Alumni of the fellowship described life-changing experiences that taught them far more than just language skills.

“I’d never been overseas before, and it was an utterly transformative experience for me,” said Nick Sedlet ’08, founder of New York-based HR tech company HireArt. “It was more than just a language-learning experience. I learned how to talk to people who are different from me. Today, I run a company with one hundred employees all over the world, and I feel like I know how to talk to them, because if I could figure out how to talk to people in China as an undergraduate, I can communicate with anyone.”  
Mya Fisher, the director of the Light Fellowship, said that Sedlet’s experience is shared by many Light Fellowship alumni. Though many of the graduates go on to pursue careers that may appear unrelated to East Asian language, Fisher said that the confidence and knowledge students gain from the experience still has an invaluable impact.

“My time in Korea with the Light Fellowship awakened a real passion for Korean history, politics, and protest culture,” said Kelsey Miller ’16, who now works for the ACLU Voting Rights Project. “If I hadn’t fallen in love with that history and written my senior thesis on it, I doubt I would be doing the work I do today.”  

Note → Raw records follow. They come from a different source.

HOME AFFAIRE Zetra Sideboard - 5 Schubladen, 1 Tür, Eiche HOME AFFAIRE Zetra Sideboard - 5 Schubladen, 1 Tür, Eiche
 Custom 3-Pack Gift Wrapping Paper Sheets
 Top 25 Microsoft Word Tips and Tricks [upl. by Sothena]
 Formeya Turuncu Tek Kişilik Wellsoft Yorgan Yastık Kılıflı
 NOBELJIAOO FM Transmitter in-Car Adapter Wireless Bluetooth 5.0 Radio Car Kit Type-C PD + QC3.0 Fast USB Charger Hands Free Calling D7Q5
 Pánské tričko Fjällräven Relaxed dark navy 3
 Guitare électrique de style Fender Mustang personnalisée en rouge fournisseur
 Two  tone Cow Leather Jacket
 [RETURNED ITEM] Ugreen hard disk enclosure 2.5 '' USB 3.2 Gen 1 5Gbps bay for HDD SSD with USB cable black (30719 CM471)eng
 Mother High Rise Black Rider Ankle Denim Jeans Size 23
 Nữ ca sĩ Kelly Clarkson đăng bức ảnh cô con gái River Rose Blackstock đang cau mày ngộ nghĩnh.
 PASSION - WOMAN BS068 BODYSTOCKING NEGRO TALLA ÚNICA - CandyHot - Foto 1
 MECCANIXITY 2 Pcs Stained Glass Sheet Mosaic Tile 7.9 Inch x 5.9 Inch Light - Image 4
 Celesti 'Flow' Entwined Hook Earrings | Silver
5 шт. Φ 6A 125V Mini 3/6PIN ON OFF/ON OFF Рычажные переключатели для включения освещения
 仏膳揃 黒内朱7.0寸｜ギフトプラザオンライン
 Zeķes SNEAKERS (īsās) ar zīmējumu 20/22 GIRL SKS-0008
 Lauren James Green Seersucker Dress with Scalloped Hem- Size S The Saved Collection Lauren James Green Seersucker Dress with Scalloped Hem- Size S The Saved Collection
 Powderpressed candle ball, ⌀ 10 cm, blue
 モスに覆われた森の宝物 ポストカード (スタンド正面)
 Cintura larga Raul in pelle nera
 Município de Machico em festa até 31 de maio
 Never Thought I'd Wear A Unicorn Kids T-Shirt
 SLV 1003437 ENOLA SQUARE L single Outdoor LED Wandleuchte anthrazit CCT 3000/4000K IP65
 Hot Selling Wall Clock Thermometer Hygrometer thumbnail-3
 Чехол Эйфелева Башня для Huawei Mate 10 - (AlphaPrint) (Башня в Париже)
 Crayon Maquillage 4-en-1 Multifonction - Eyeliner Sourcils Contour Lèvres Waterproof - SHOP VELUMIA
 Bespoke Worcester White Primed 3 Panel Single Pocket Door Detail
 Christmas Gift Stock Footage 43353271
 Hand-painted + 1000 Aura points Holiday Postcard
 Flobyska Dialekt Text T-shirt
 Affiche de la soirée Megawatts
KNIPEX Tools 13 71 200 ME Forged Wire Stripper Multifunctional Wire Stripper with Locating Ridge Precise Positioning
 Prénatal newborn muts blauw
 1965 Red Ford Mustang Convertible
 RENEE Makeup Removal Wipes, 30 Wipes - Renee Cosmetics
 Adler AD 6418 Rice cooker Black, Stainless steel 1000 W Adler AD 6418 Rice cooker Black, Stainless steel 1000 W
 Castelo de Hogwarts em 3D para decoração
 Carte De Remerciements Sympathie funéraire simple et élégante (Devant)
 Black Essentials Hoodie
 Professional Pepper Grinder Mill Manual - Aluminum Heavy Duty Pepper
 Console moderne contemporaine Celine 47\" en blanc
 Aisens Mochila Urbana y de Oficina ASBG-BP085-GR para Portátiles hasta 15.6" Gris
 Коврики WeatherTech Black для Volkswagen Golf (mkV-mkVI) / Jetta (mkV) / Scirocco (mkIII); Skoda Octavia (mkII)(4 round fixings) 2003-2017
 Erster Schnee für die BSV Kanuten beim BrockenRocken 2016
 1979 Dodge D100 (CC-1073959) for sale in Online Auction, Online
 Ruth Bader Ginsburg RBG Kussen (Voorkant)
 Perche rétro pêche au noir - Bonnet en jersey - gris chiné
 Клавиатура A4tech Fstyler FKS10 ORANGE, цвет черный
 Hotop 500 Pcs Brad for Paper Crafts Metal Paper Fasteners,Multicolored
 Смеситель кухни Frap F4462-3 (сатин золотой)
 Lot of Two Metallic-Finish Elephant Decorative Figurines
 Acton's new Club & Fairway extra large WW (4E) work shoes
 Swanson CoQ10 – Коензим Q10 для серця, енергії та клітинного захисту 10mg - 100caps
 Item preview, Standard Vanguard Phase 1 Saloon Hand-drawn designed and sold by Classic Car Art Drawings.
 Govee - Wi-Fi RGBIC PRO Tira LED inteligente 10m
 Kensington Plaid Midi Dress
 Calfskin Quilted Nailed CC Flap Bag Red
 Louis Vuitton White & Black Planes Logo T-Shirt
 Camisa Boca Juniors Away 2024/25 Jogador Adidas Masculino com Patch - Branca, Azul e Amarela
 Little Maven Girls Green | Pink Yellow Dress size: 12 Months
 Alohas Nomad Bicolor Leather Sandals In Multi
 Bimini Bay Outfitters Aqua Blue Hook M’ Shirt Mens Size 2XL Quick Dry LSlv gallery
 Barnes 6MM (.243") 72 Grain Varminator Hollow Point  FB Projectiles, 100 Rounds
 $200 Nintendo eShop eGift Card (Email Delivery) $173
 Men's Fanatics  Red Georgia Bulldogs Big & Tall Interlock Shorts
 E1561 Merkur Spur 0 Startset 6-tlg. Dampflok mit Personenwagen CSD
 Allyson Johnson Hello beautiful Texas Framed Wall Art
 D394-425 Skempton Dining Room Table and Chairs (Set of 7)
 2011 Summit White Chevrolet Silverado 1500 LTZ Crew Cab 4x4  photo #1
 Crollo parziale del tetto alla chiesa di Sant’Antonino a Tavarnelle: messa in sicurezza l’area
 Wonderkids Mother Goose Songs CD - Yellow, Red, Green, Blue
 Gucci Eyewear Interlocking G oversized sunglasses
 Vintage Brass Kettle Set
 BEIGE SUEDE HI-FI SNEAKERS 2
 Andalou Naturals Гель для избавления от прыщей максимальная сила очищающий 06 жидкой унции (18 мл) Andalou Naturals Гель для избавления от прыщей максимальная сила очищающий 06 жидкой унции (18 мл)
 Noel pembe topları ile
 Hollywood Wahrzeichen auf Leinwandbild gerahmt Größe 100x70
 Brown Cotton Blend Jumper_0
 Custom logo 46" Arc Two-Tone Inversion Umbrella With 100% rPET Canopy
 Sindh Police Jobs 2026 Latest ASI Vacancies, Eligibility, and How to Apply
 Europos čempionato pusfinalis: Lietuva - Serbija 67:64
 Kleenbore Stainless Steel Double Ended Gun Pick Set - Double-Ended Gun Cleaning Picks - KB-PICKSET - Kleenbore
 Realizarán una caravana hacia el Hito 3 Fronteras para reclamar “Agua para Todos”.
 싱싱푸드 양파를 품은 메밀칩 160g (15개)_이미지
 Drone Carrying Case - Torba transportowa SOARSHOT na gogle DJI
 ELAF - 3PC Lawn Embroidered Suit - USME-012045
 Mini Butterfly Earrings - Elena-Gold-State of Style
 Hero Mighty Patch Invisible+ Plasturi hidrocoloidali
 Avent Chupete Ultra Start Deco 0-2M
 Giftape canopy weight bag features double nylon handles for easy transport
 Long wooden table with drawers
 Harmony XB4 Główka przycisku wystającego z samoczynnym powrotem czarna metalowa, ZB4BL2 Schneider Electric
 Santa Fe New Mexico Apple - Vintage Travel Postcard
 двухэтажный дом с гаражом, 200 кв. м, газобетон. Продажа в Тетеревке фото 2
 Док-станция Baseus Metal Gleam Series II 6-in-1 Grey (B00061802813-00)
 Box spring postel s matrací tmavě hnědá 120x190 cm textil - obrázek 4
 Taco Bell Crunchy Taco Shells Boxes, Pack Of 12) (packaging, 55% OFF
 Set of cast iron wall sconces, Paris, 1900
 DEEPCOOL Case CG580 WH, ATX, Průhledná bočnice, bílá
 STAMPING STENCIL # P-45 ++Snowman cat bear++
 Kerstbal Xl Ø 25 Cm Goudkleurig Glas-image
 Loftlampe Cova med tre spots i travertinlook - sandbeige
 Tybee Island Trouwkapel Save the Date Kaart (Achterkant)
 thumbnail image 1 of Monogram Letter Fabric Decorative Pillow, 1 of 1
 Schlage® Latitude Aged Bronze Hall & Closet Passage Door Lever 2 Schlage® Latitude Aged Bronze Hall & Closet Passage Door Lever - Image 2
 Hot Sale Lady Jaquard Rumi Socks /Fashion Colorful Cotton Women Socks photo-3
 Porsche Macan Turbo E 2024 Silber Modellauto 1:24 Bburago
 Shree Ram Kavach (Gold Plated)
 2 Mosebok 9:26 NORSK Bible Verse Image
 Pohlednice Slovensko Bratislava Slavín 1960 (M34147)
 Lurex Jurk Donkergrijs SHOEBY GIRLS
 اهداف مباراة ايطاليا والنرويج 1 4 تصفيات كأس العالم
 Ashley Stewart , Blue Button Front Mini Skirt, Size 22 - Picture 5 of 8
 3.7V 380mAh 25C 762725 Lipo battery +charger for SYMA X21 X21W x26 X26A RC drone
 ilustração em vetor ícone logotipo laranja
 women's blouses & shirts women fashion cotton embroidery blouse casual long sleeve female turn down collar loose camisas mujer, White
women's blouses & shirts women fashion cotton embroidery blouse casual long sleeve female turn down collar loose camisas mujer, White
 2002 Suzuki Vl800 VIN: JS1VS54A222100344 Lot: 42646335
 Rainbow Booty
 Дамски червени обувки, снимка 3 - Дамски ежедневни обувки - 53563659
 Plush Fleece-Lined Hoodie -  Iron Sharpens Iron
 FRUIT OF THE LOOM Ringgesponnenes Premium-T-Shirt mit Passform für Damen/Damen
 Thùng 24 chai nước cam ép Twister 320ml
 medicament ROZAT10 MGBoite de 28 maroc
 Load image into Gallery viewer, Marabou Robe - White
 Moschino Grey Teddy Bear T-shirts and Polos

In the quarter century since its establishment, the Light Fellowship has helped Yale advance its goal of becoming a more global institution, noted Fisher. The number of East Asian language speakers at Yale has increased, and students have a deepened understanding of the region.

“As the fellowship has grown, I’ve watched so many students experience profound moments that change not only what they want to study, but how they think about the world,” Fisher said. “Yale is a far better institution thanks to what it can offer students through the fellowship.”